Requirement: The lines from the one containing "Molekülstruktur-Modell aus bunten" through the last line below, both ends included, must be reproduced exactly, with no pictures.

Data below:
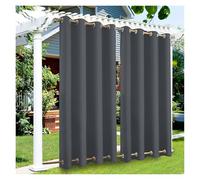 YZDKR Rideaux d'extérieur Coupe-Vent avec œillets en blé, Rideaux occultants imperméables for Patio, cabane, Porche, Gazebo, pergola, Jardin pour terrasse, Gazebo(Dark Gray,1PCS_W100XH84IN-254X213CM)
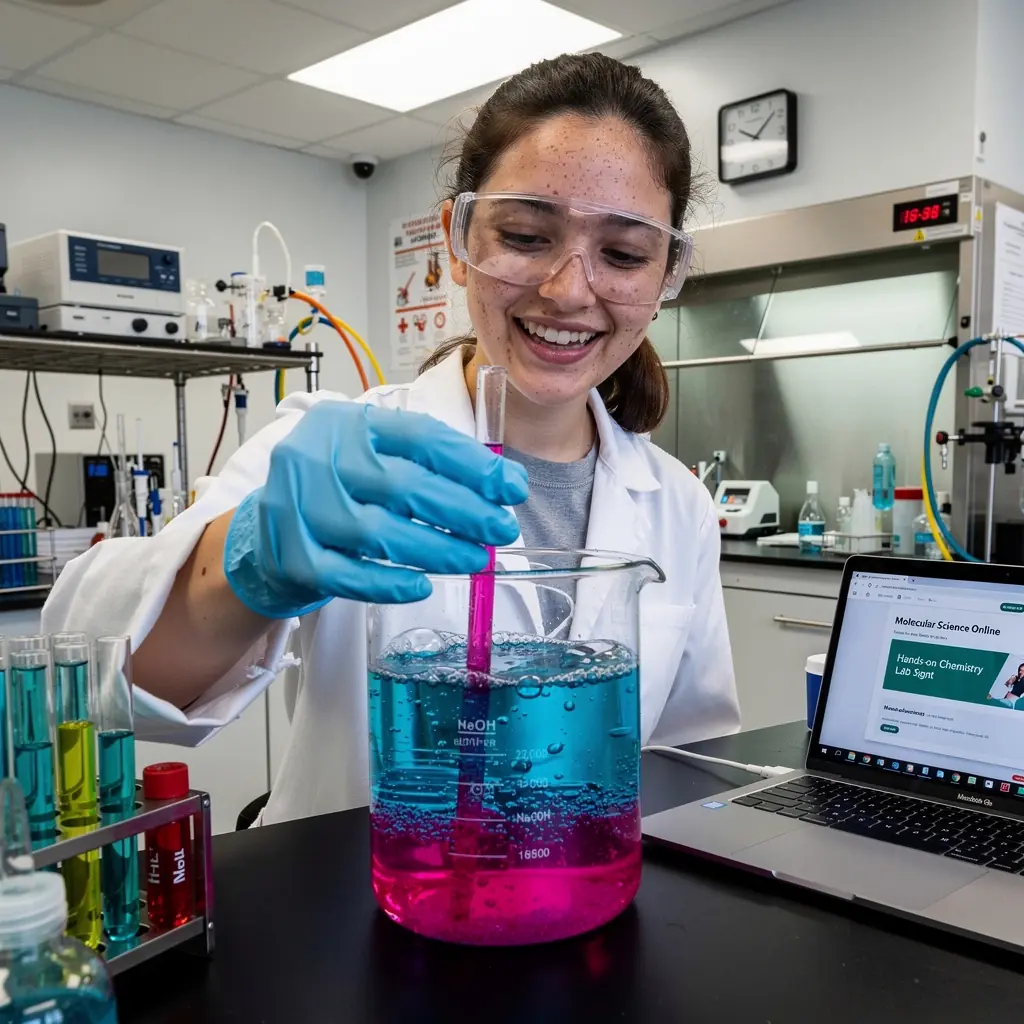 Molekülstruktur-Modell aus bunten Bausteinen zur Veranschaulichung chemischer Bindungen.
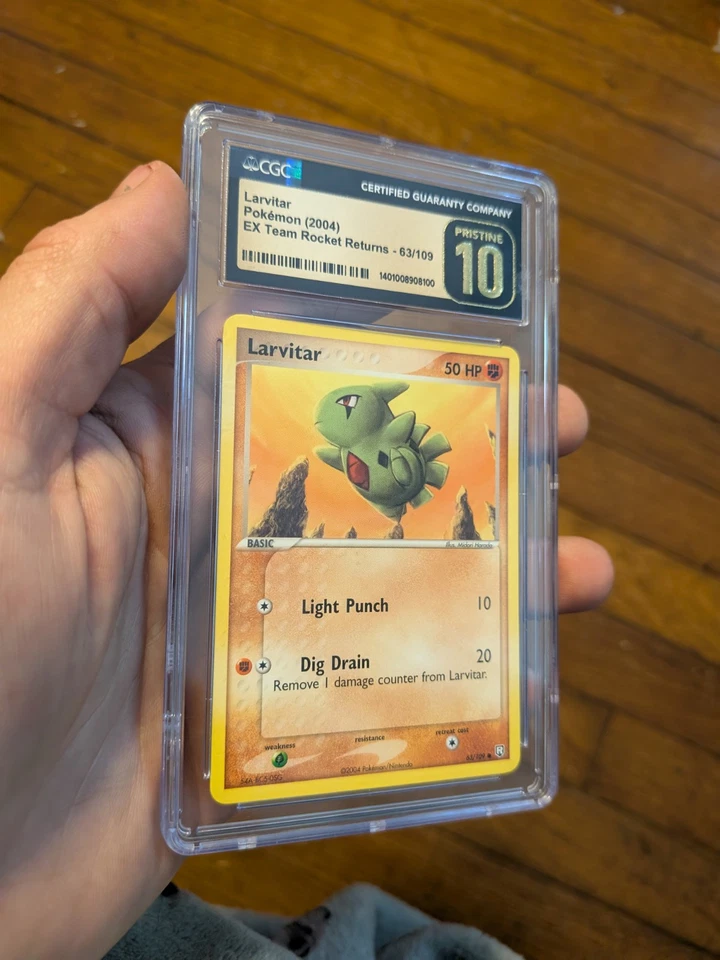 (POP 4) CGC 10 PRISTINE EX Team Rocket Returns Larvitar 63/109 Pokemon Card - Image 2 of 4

Solution for this task:
 Molekülstruktur-Modell aus bunten Bausteinen zur Veranschaulichung chemischer Bindungen.
 (POP 4) CGC 10 PRISTINE EX Team Rocket Returns Larvitar 63/109 Pokemon Card - Image 2 of 4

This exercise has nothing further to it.